The word “eye” is pronounced like “I”, so he replaces that in the name so now we get: I of the Tiger

But you have two things here, first IO (input/output) is the point of the library, so he adds that in - now we get IOf the tiger.

Second is that the library it comes from is “Tiger Beetle”, so this is the IO of Tiger Beetle.

So putting it all together, iofthetiger - “Eye Of the Tiger”… which is the IO of Tiger Beetle.

It’s exactly what the project is about but it’s also a reference to that famous song.


Nice work! Yeah, TigerBeetle is a treasure chest of cool systems programming. I believe Mitchell’s also been inspired by the TB IO core when working on his event loop lib. It’s pretty awesome, too:


That’s why I didn’t use them as synonyms, note the comma between non-blocking and asynchronous:

The comma denotes they are two separate things being used together. But maybe writing it as “non-blocking and asynchronous” would be clearer.

But you make a good clarification and I’m interested in reading the linked article, seems like a very interesting read. Thanks.
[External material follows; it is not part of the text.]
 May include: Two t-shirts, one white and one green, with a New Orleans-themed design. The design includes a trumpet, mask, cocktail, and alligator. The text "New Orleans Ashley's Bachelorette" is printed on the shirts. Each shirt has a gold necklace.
It is really very nice article, otherwise it wouldn’t be in my browser bookmarks :slight_smile:
Basically, it’s about how to combine proactor pattern (Windows) and reactor pattern (Unix) in one cross-platform library. With io_uring we have more similarity with Windows IOCP, but in 2005 there was no io_uring yet.
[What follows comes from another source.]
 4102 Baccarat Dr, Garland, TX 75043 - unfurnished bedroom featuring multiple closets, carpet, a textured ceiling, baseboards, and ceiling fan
As I see it, Zig’s first attempt at async IO was via the async / await model, albeit implemented in a a novel way using the function’s frame directly with suspend and resume points. It seems although it was a cool and novel idea, it clashes in critical ways with other aspects of the compiler which have higher priority in terms of achieving Zig’s goals. So it was sacrificed and removed. This has spurred discussion on whether this is something that the language should provide or if it should be left for the ecosystem to provide. The jury is still out on this.

This library is an example of how the ecosystem can fill in this gap. The only issue with letting the ecosystem handle issues like these is that there will be many different ways to do the same thing, increasing complexity. But at the same time, I think this allows for evolution of paradigms and models, not being locked-in by what was implemented in a language at some time in the past.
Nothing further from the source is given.